Life, as we all know, is nothing but change. However, some of us have difficulty dealing with change. When you are single and without children you really only HAVE to deal with your changes and you think your life will end when you finally cave to those changes.
When you find a significant other you have to deal with their changes if you want the relationship to work and most of the time, even though you tell them, they don’t understand that change, any change, is very difficult.
Now that’s two lives who’s changes affect you. Add kids to the mix and not only are their changes included, but their changes are, somewhat, governed by you so you have to force change in your own life so they can continue in theirs.
From bottle to food. From crib to bed. From diapers to underwear. From home to daycare. From daycare to school. And all the major and minor one in there as well.

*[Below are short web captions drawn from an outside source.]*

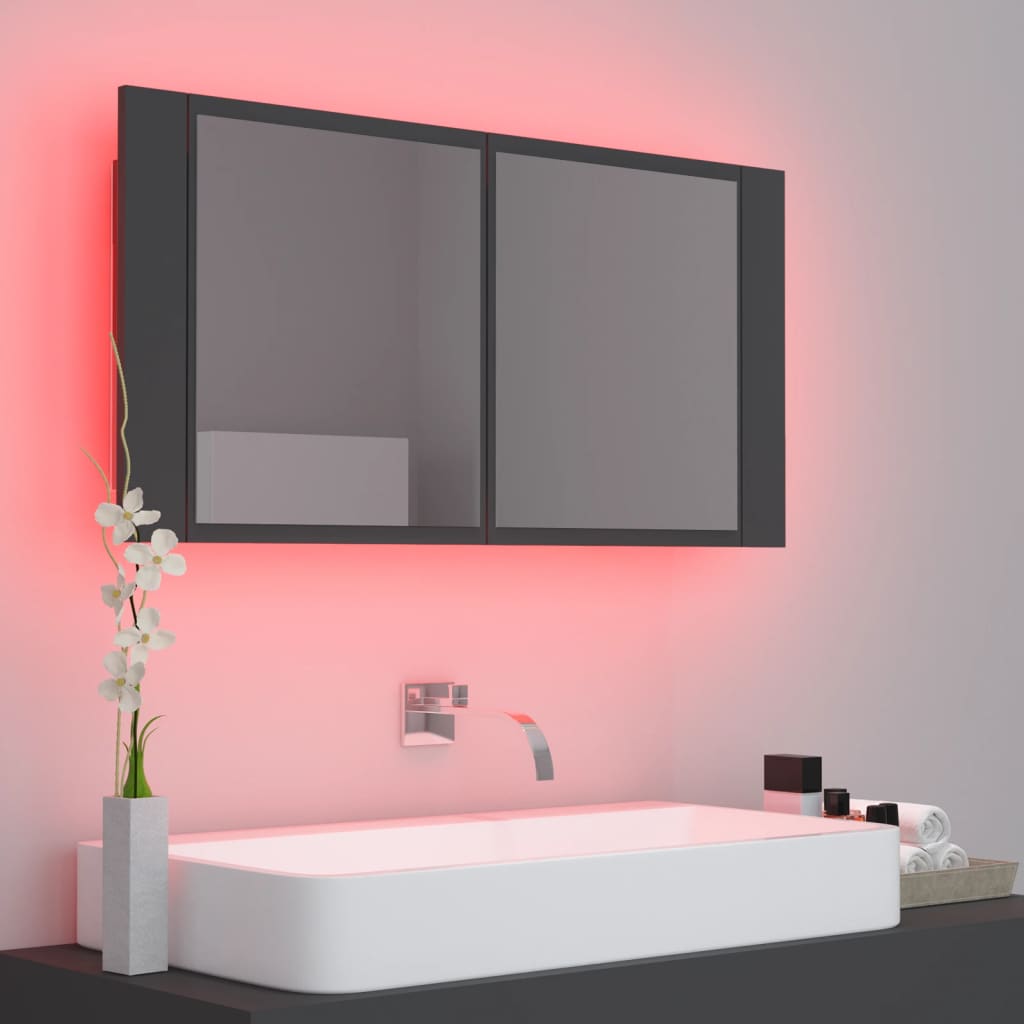 Meuble de salle de bain avec miroir et LED 90x12x45 cm acrylique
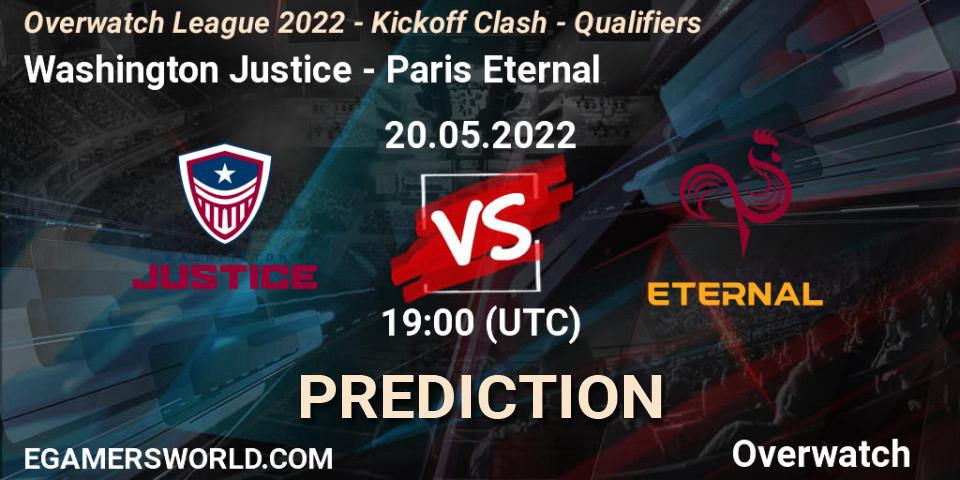 Prognoza Washington Justice - Paris Eternal. 20.05.2022 at 19:00, Overwatch, Overwatch League 2022 - Kickoff Clash - Qualifiers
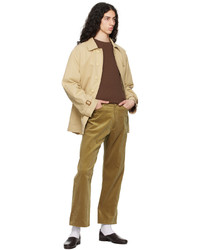 Pantalon chino en velours côtelé marron clair Auralee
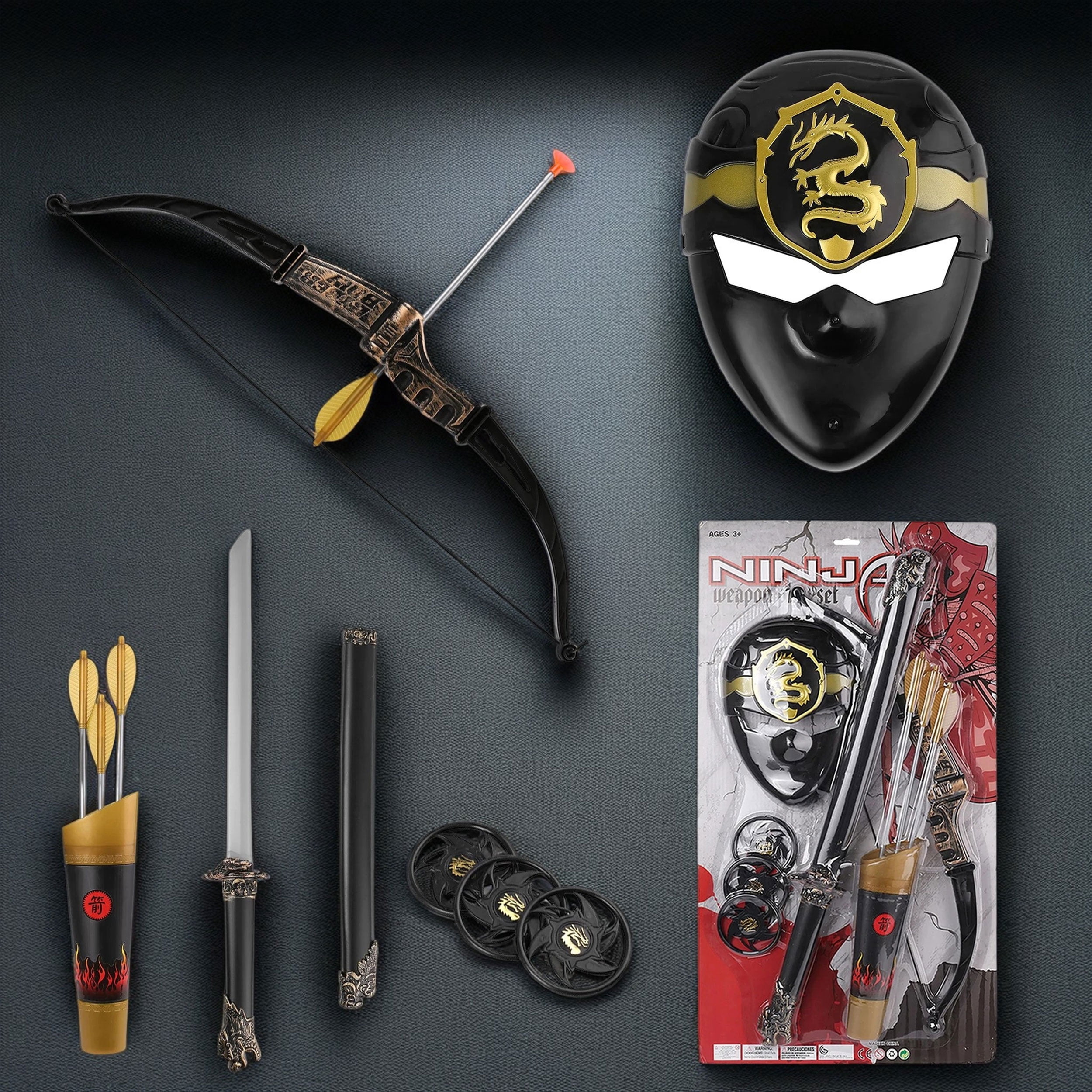 Warrior Ninja Kids Pretend Role Play Toy Costume Include Arrow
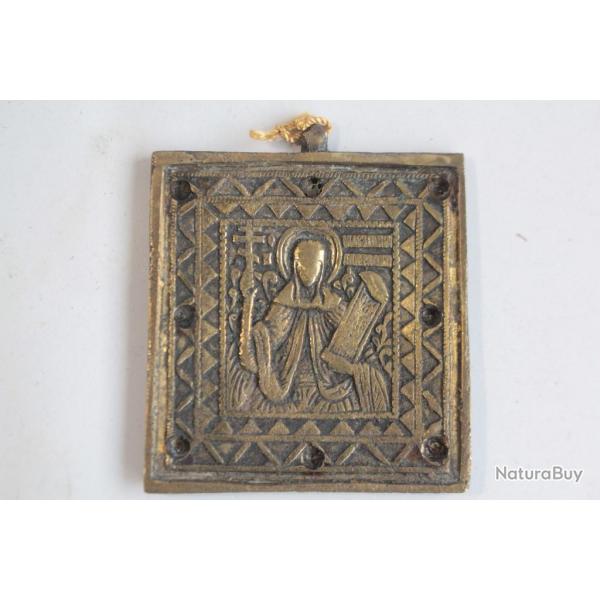 Ancienne Icne de voyage orthodoxe bronze Sainte Parascheva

We currently live in an apartment. Have since our little family started. We are looking to buy a house VERY soon. This is one of the biggest changes in my life, I am finding out. It means, to me, a beginning of a settled life and it scares the hell out of me.
The other bad part about change is my moods and I am sure I am not alone. As the change rolls around in my mind I get more and more depressed and sullen, even angry at times, but when I concede to it, if I concede to it, mania kicks in – hard.
I try to calm myself down. I try to get in my routines. I try to not think of only me, but it is all so hard. My mind cannot fairly fight itself and that is what is happening.
I have no advice. I have only complaints. I have only a war inside my head and a time where I try not to piss off my wife more than usual. Oh, and I try not to deal with money much (there is a little advice in there).